An article titled ‘The Exam Question’ was published in the Ottawa Citizen on January 9, 2016. It was timely as the end of the first semester approached. Many memories and thoughts came up for me as I read the article. This piece is my response to it.
When I was in high school, I wrote 7 to 8 exams twice a year. In grades 9 and 10, the exams were 2 hours long and in grades 11 to 13, 3 hours long. My sisters had to write the provincial departmental exams at the end of grade 13. They wrote several 3 hour exams which were set by the Ministry of Education in Toronto and which were shipped to Toronto where teachers marked them using a prescribed marking scheme. I did not have to write the provincial departmental exams which had been done away with two years before I completed grade 13.
When I was in high school, I also had to write standardized tests in grades 12 and 13. In grade 12, it was SATO – the Scholastic Aptitude Test of Ontario. In grade 13, I wrote OSAT – the Ontario Scholastic Aptitude Test, OECAT – the Ontario English Comprehension Aptitude Test, and OMAT – the Ontario Mathematics Aptitude Test. The results of these tests were an important part of my applications to universities.
When I completed my pre-service training to become a teacher, I took several courses on assessment and evaluation. The emphasis was on statistics and reliability and validity. There was much time spent on crafting multiple choice and true/false questions. There was little discussion of how to craft or mark other kinds of exam questions, especially essay style questions. Over my 33 year career as a classroom teacher, I created and marked exams in Music, English, Learning Strategies, and Peer Tutoring. As well, I had experience in several capacities scoring the Ontario Secondary School Literacy Test.
Based upon my experience of exams as a student and as an educator, I have several thoughts regarding the issue of summative written assessment that I offer for others to consider.

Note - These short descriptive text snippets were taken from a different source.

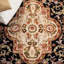Tapis oriental en laine touffeté à la main Alg-1457960586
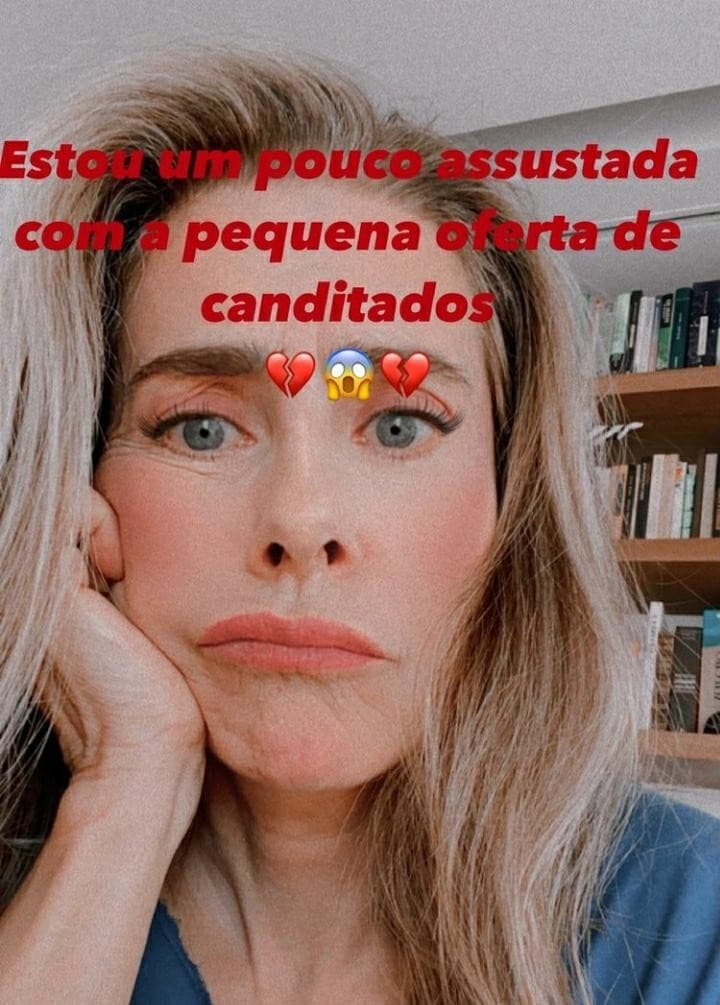 Solteira, atriz Maitê Proença ‘desabafa': ‘Assustada com a pequena oferta de candidatos'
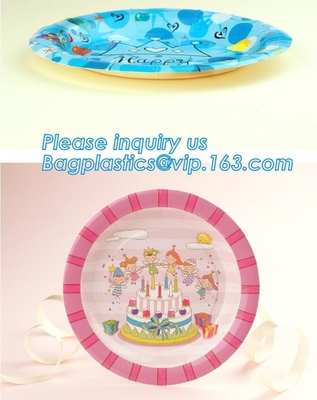 Party Supplies Plate, Cups, Spoons, Fork, Napkins, Dinner Set, Paper And Plastic Dinnerware Set, Tableware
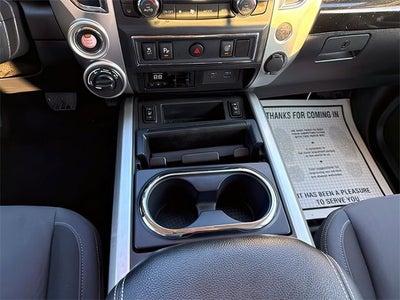 2021 Nissan Titan SV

Final summative exams are a well tried method of assessing student acquisition of the knowledge for a course. For schools, exams are easily managed. An exam schedule is set of dates on which each exam will be written, rooms are assigned, and specific supports are put in place for those students who will need them e.g. use of a computer or a scribe or extra time or a separate space. Teachers often have a bank of exam questions from which they can draw. They can reference exams from previous years as they draft the exams for the courses which they teach. Teachers create their course exams and mark them using the marking scheme they have developed. Then each student’s final course grade is calculated by factoring in the final exam mark with the student’s term mark. For most courses, the final exam mark is worth between 30 and 40% of the final grade which the student achieves.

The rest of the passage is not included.